Here’s a selection of their observations, of the present and near future:

– Be wary of anyone who says this is the “worst economic crisis since the Great Depression.”

Among Behravesh’s PowerPoint charts were a couple of telling ones about the Great Depression. One showed that the stock market lost nearly 90 percent of its value then. The current stock drop is around 40 percent. National unemployment during the depression peaked at 25 percent. It’s hovering around 7 percent now, and peaked at 11 percent during the country’s last deep recession in the early 1980s.

That said, Behravesh added that the current economic crisis is a bad one. In the last year or so, more than $7 trillion in wealth ” that’s about half of the United States’ gross domestic product ” has vanished.

The people who have lost that wealth are less inclined to travel, or buy vacation homes, Behravesh said.

“Growth is not going to be a problem for a while,” Behravesh said.

– This isn’t just our fault.

Behravesh said the collapse of the subprime mortgage market was just the first domino in a worldwide “liquidity bubble” brought on by easy credit and other factors. When that bubble burst and banks started failing, banks essentially stopped trusting each other and the credit markets froze up. Effects of the government rescue program should start to really be felt in the next four to six months, Behravesh said.

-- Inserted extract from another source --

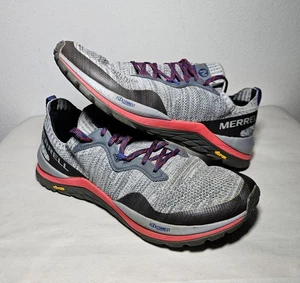 Merrell Mens Mag-9 Knit Flex Connect Vibram Wanderschuhe J165653 Herren 10,5 - Bild 1 von 11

– Don’t count on continued demand for second homes in ski resort areas.

Chung’s company specializes in research for resort areas, and has crunched both economic and demographic data.

That data indicates that people tend to be less interested in winter sports starting at about age 47. Coincidentally, that’s also the prime age for buying vacation homes.

What does that mean for the Vail Valley? It’s hard to tell, because…

– We’re not as much of a tourism-based economy as we think we are.

Schechter believes resort areas have become much less dependent on tourism than they once were. As evidence, his graphs indicate that visits to ski areas and national parks are virtually flat over the past 15 years. Meanwhile, the population and per capita income of those areas have gone way, way, up.

That shows people are moving to these areas are moving less for tourism than for lifestyle reasons. Many of the people moving to resort areas are working from their homes. Technology is only going to advance that trend.

– We’re not as bad off as other places.

One of Chung’s slides showed the excess housing inventory in several other resort areas. In the worst case, an unnamed resort had a 112-month backlog of unsold housing units.

The national average for unsold homes is 41 months at the moment. In the Vail Valley, there’s a 12-month inventory.

What that means, Chung said, is our valley’s going to take a hit from a national recession, but it won’t be as hard a hit as some other resort areas take.

“But make no mistake ” this is big, it’s bad and it’s broad-based,” Behravesh said.